Jimmy Guerin, brother of the murdered reporter Veronica Guerin, recognises the need for police on the streets, but says the reason for the feud is apparent in Dublin's bars and restaurants.
'I had been in this pub at a Christmas party near Phoenix Park. When I went to the toilet I saw three men at the same party snorting cocaine. They were all perfectly respectable young professionals who thought nothing of taking coke for social and recreational use,' he said. 'These are the people who are fuelling the drugs boom and making these gangsters very, very rich. There are only a couple of thousand registered heroin addicts in Dublin; there are hundreds of thousands of social users of drugs, particularly cocaine.'
Guerin contrasts the fortunes of the Dublin drug gangs of 2006 to the handful of dealers that his sister died exposing a decade ago. 'John Gilligan (the man whose gang were behind Veronica's death) and his team were earning around an estimated €25m (£16.8m) when she was killed. That was 10 years ago and today those figures would be far higher. There are dealers in this town earning up to €2m (£1.3m) a week, mainly from cocaine.'
The fate of another Dublin drug dealer, Martin 'Marlo' Hyland, illustrates the volatility of the city's new underworld. Hyland was shot four times in the head while he slept upstairs in his niece's house at Scribblestown Park, Finglas, last Tuesday morning. The 39-year-old dealer had been moving from house to house following a warning that his life was in danger. The street-wise career criminal ran a 10-man-strong gang of young, hardened drug dealers.

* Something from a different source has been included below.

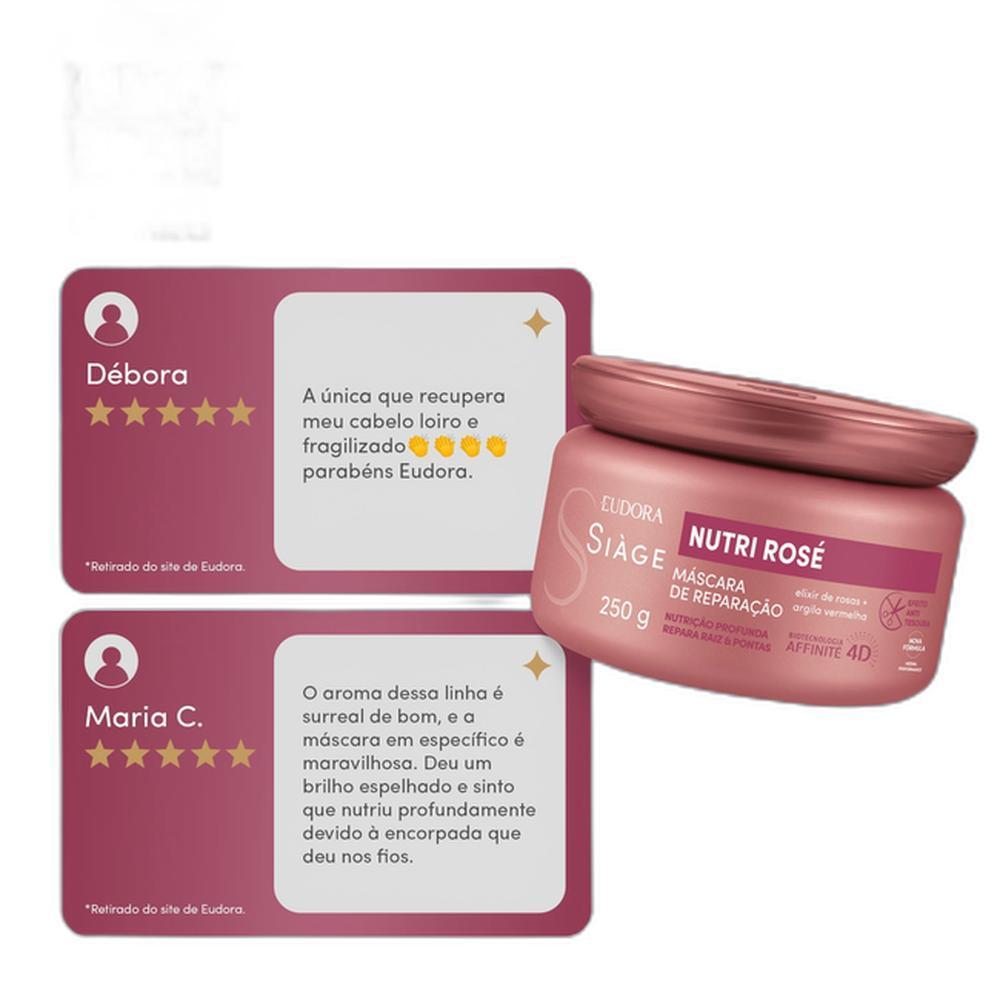 Eudora Máscara Capilar Siàge Nutri Rosé 250g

Detectives investigating his assassination believe that he was betrayed by at least two of his associates and the reason was simple - greed. 'They simply wanted to take over his operations,' said a senior Garda detective.
'Marlo had built up a vast empire on the northside that stretched from Finglas right over to Coolock. He was making huge profits, and somebody on the inside of the gang wanted more. They had killed other dealers in Finglas who were lowering their prices and getting in their way.'
The ruthless nature of the gang warfare that involves at least three separate feuds across the city was later demonstrated when Marlo's killers shot dead a 20-year old plumber, Anthony Campbell, as he worked on a radiator at the same house.
The plumber had no connections to Marlo or any other criminal boss. Anthony Campbell was targeted in all likelihood because he might have identified the unmasked hit team.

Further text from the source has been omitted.